Alternative splicing and RNA editing are exquisite post-transcriptional mechanisms to expand calcium channel structures to potentially optimize function in development and for tissue-selective purposes. In this regard, careful consideration of combinatorial assortment of the various splice sites and the cellular context of the expression of the splice variations in health and disease may contribute towards better understanding of the genotype–phenotype relationship, especially with regard to mutation-causing disorders. As alternative splicing and RNA editing could be dynamically regulated, the search for the cues and upstream signals that govern these processes will be of scientific and clinical interests.

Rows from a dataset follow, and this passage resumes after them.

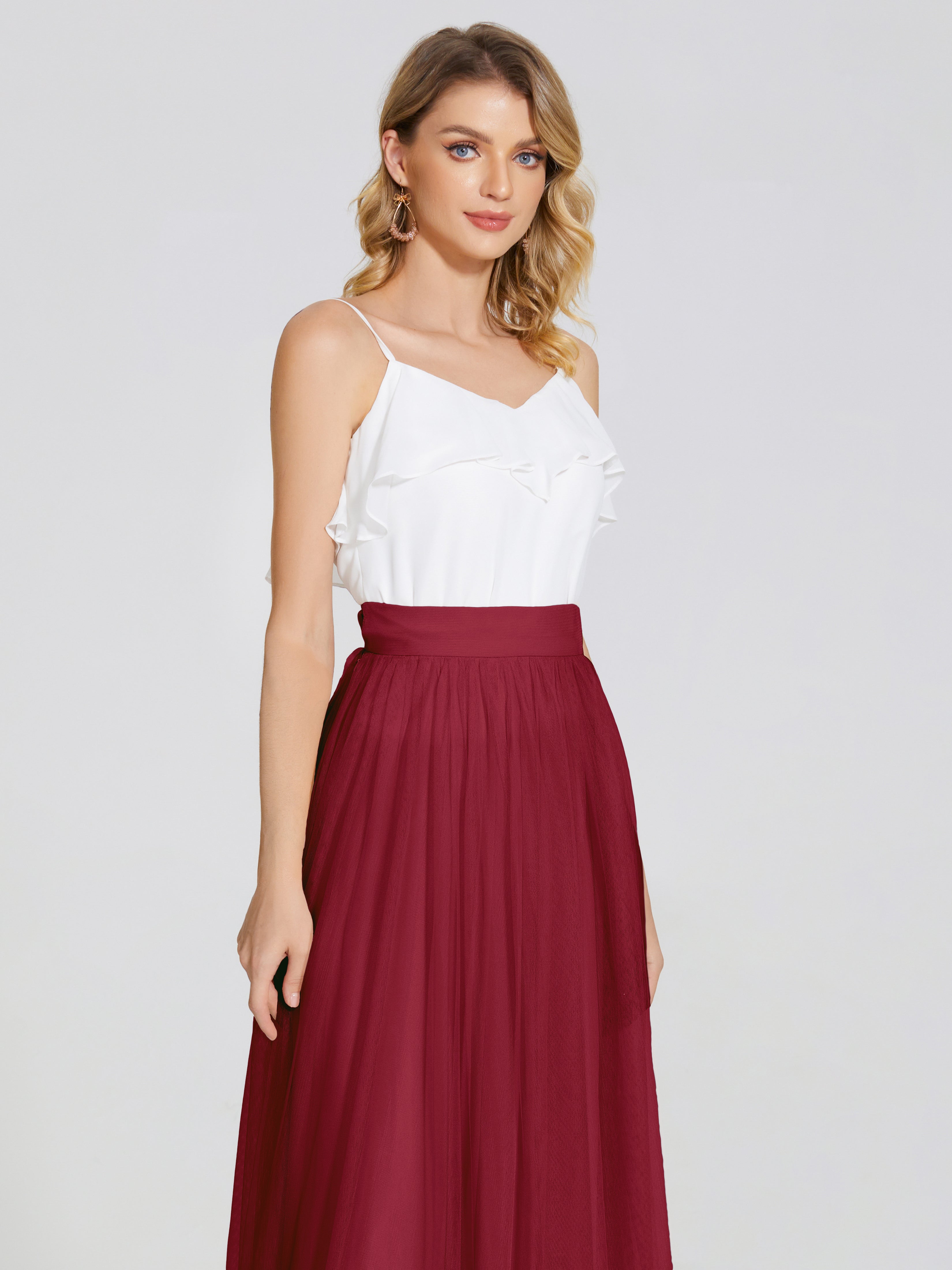 Robe Demoiselle D Honneur Bordeaux Deux Pièces Trapèze Longue Tulle Jupe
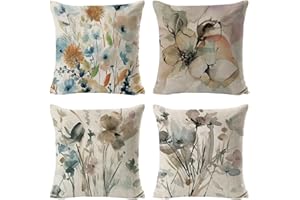 HIQE-FL 4 poszewki na poduszkę 45 x 45 cm – dekoracyjna poszewka na poduszkę z malowaniem tuszem, do użytku na zewnątrz, len, na sofę, do samochodu, biura, kawiarni, ogrodu, pokoju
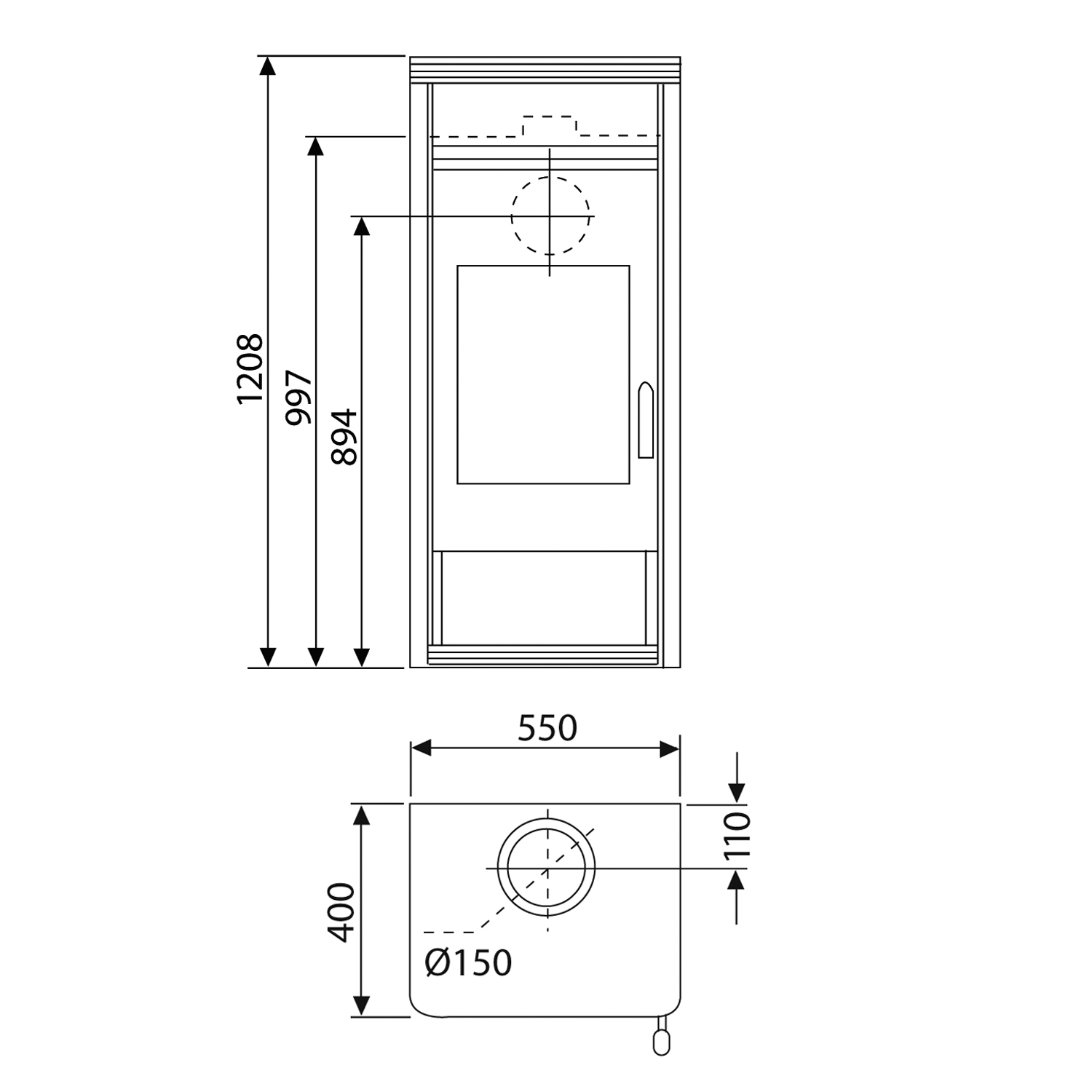 Poêle à bois Wamsler Orpheus avec compartiment de maintien au chaud en acier gris 8 kW
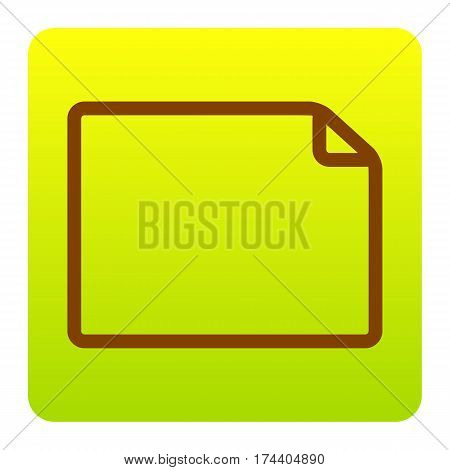 Horisontal document sign illustration. Vector. Brown icon at green-yellow gradient square with rounded corners on white background. Isolated.
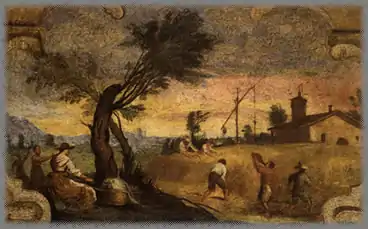 Harvesting (1615–1617, fresco, transferred to canvas, 18 × 23.5&nbsp;cm, Pinacoteca, Cento, Italy). One of the frescos created (with the assistance of Lorenzo Gennari) for Casa Pannini in Cento. (Guercino himself came from a family of peasant farmers.)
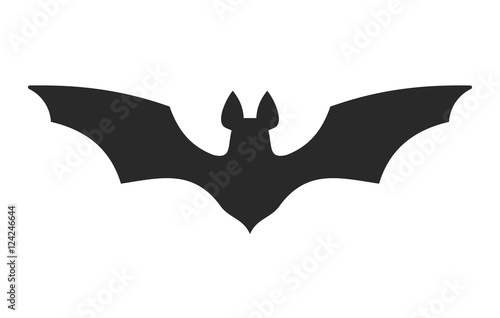 Halloween Bat Icon on White Background. Vector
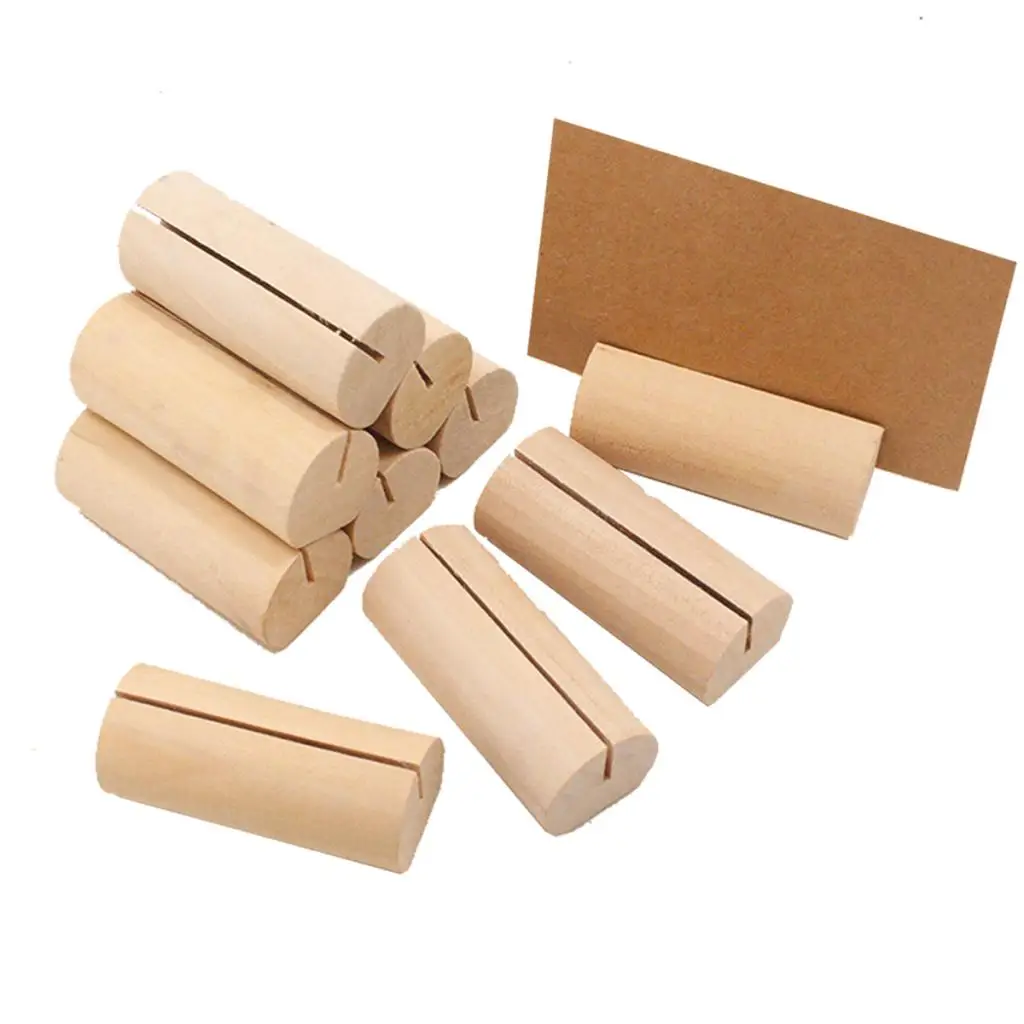 10Pcs Wood Place Card Holders, Table Number Holders, Wood Photo Holders, Ideal for Wedding Party Table Name and More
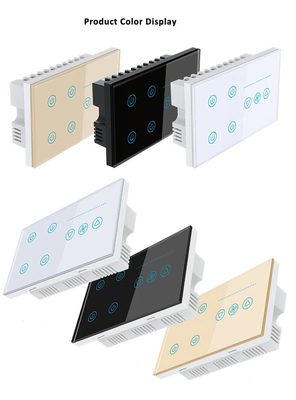 Glomarket Tuya Smart Wall Touch Switch Glass Panel Ηλεκτρικό φως και ανεμιστήρας Διακόπτης Smart Life Alexa φωνητικό έλεγχο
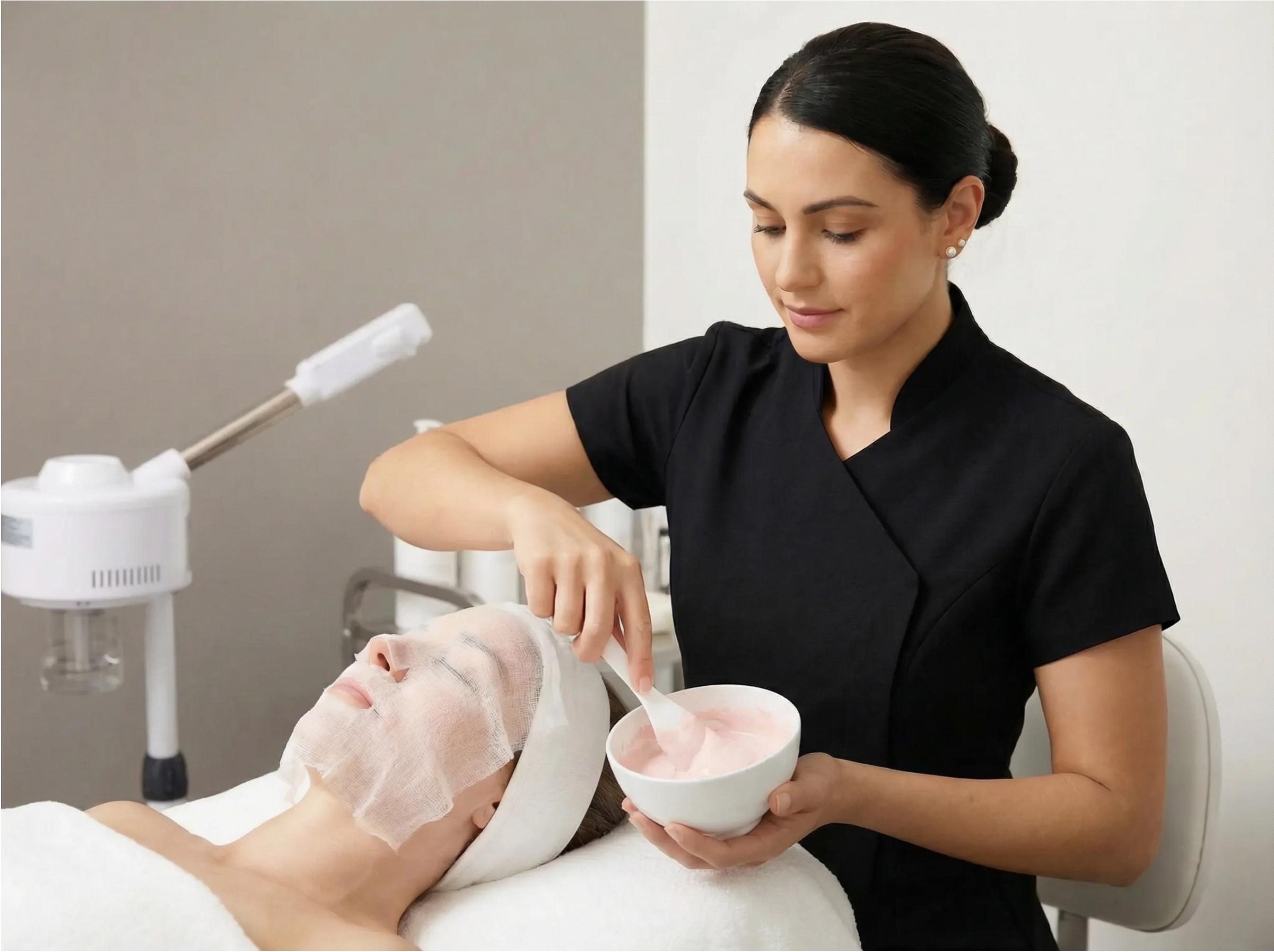 Woman receiving a facial treatment with a skincare professional in a spa setting.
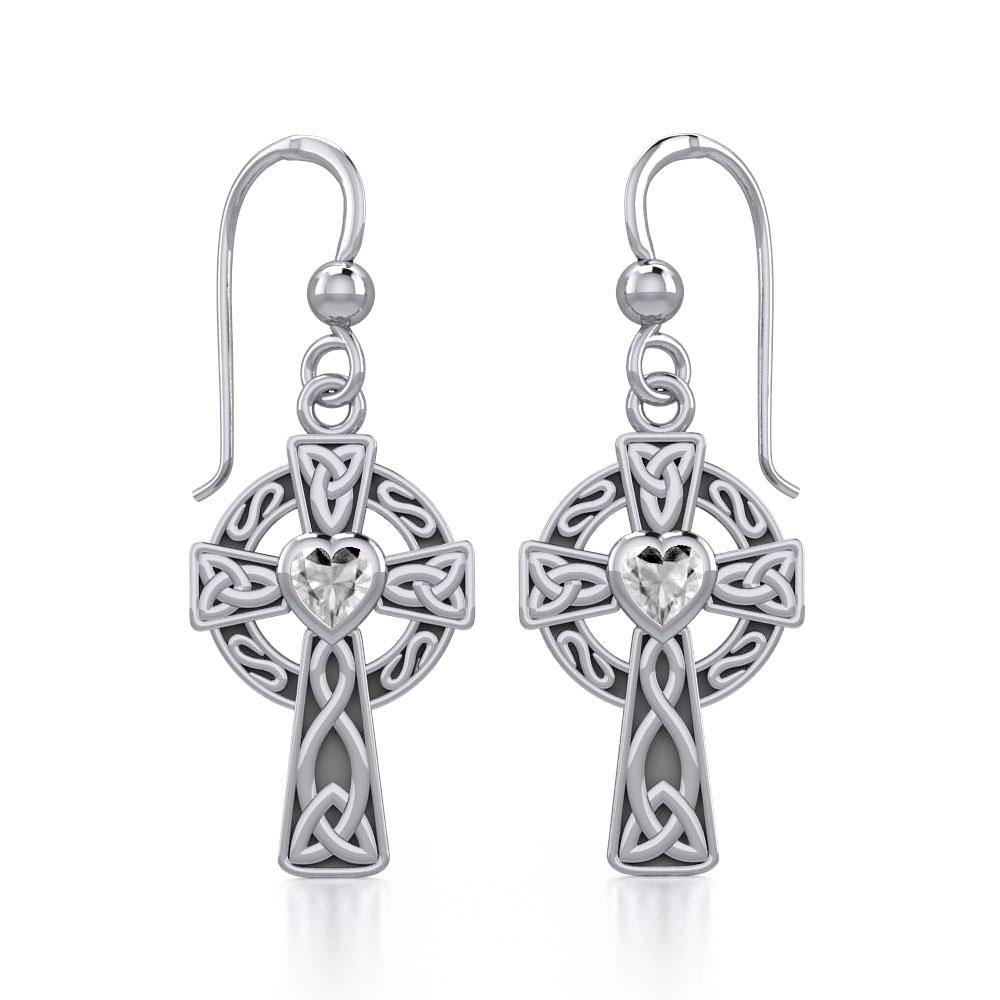 Celtic Cross Silver Earrings with Heart Gemstone TER1833 - Jewelry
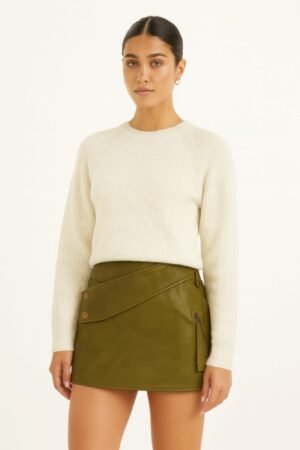Faux Leather Strap Mini Skirt Faux Leather Strap Mini Skirt
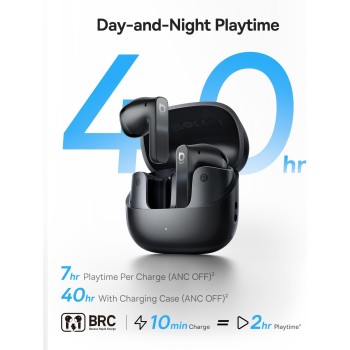 Baseus Headphones In Ear TWS, ANC, LDAC Hi-res Audio, IP55,40H Battery Life, 6-Mic AI ENC, Bass BS1 Black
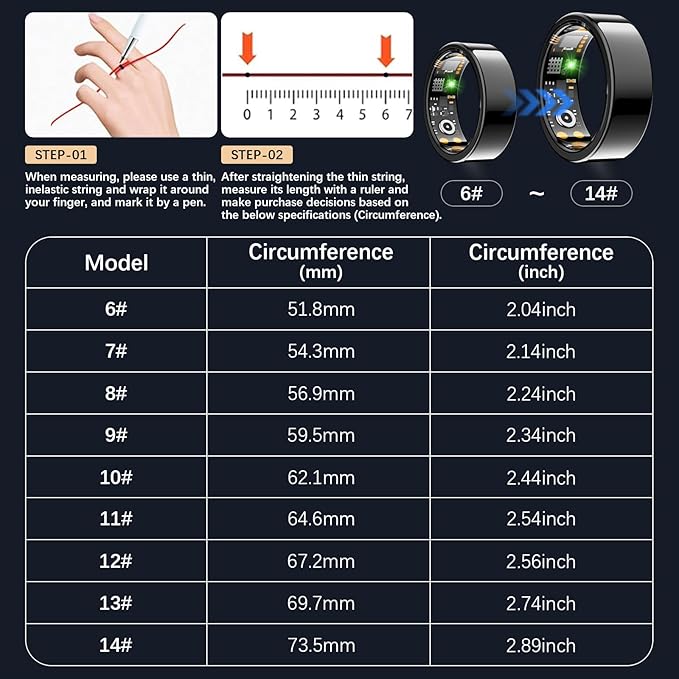 Ring Health Tracker for Women Men, Fit Ring with Heart Rate, Blood Oxygen, Sleep Monitor, Calories, Step Counter, IP68 Waterproof Smart Ring for iPhone & Android, No Subscription Fee (Black, 7#)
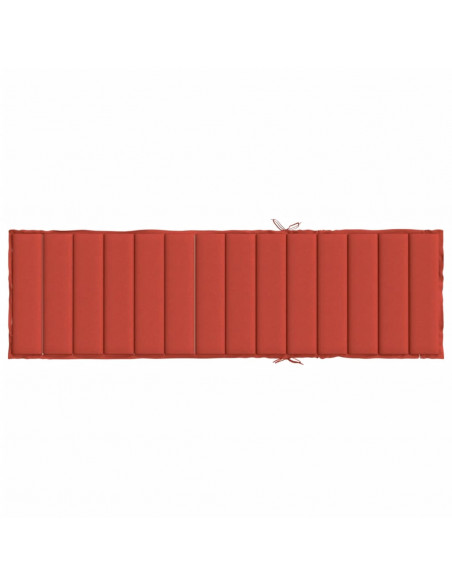 Cuscino per Lettino Prendisole Rosso Mélange 200x50x4cm Tessuto
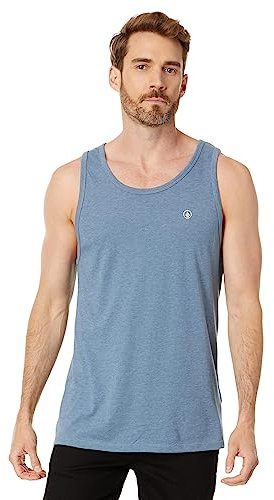 Volcom Herren Solid Heather Tank T-Shirt, Stormy Blue, Mittel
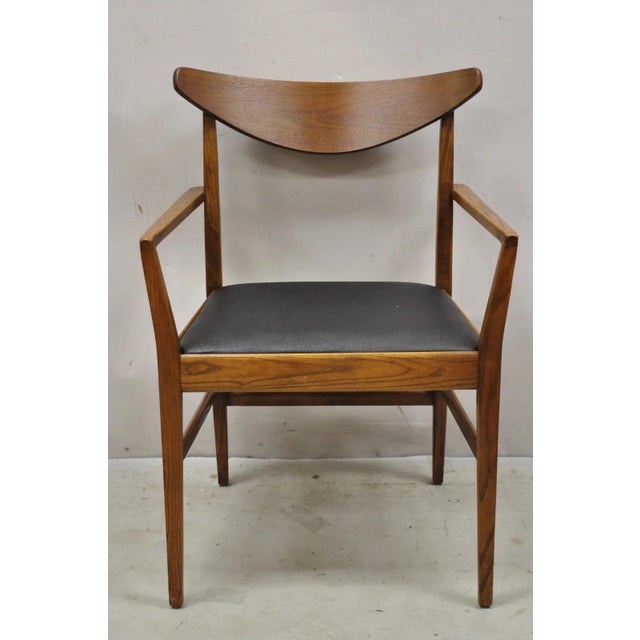 Mid 20th Century Vintage Mid Century Modern Cat Eye Walnut Dining Chairs by Stanley - Set of 4 For Sale - Image 5 of 11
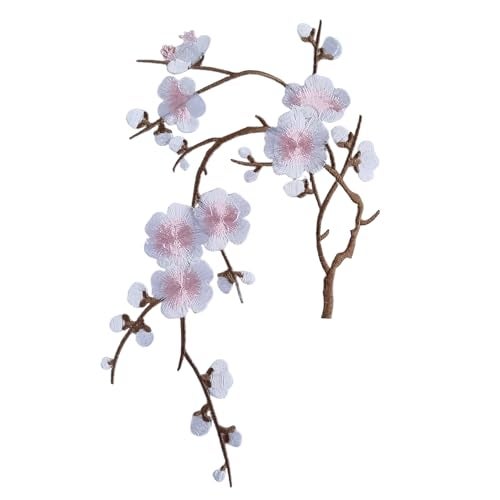 S.A.V.I Cherry Blossom Embroidered Patch – 3D Floral Applique, Pink & White, 8.4x6.3 in – Iron-On/Sew-On for DIY Clothes, Jeans, Jackets, Backpacks, Fabric Stickers – Heat Press Craft Accessory (White-pink) - Image 1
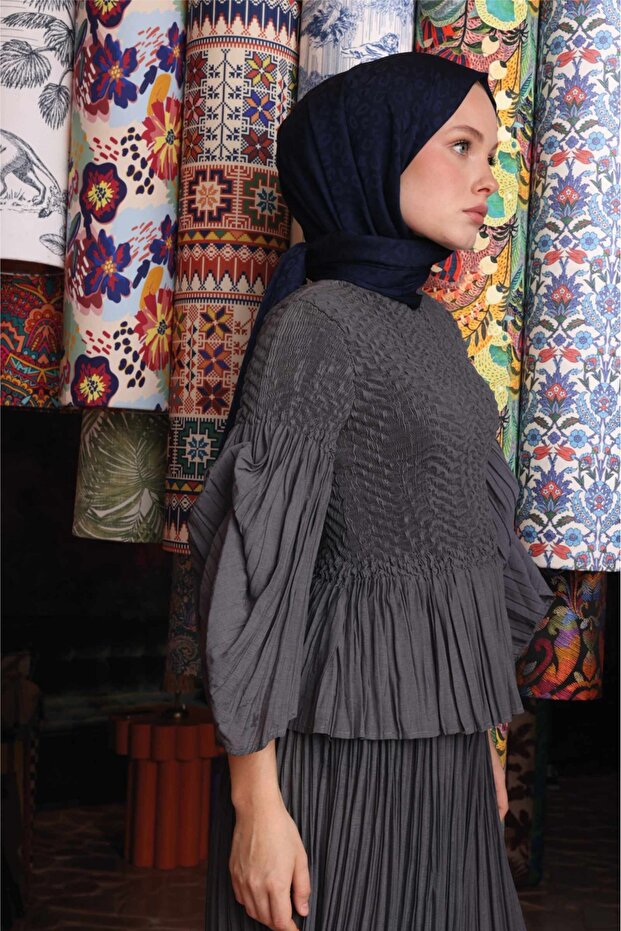 Leopard Pattern Shawl Navy Blue - 2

With the advent of sophisticated technologies to visualize cellular localization of transcripts, to interrogate protein–protein interactions and to analyze massive single-cell transcriptomics and proteomics, the possibility to identify splice variant-selective interactors in specific cellular milieu in health and disease, together with the knowledge of altered channel biophysical properties, will probably help answer the question on why a cell expresses so many splice variants.